▶ **PROBLEM TO SOLVE**:
In the listing below, locate the line containing "top glass meal storage" and the line containing "Cerradura izq barra". Output both of them and every line between, exactly as written, and nothing more.

▶ **RECORDS FOR THIS EXERCISE**:

_ _ _ _

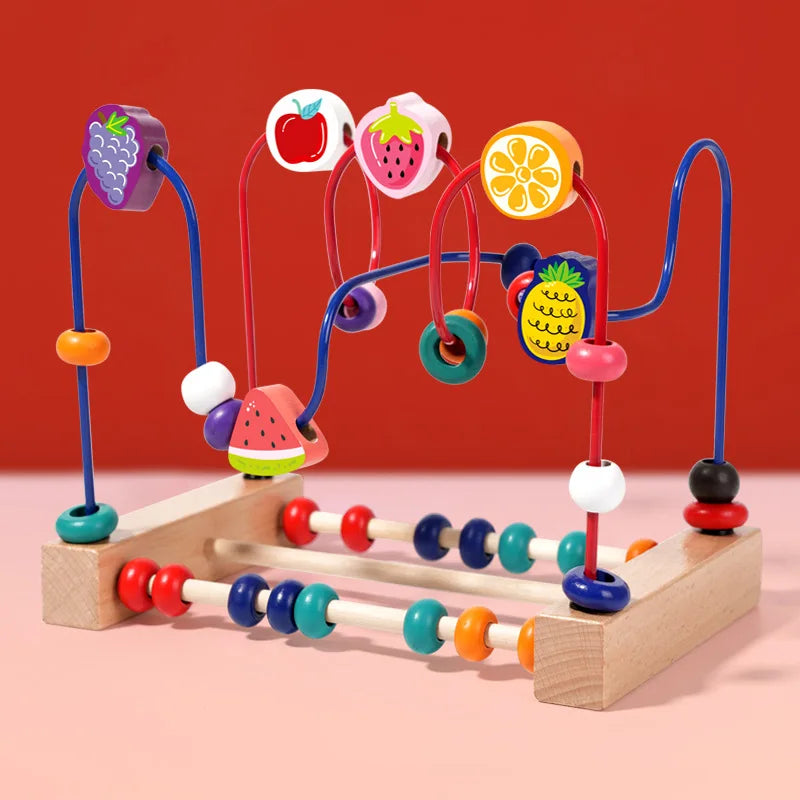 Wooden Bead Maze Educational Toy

_ _ _ _

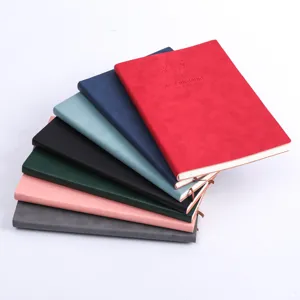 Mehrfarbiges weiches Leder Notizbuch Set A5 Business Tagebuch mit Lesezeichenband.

_ _ _ _

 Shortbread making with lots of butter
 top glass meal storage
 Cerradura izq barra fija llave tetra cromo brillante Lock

_ _ _ _

▶ **RESULT**:
 top glass meal storage
 Cerradura izq barra fija llave tetra cromo brillante Lock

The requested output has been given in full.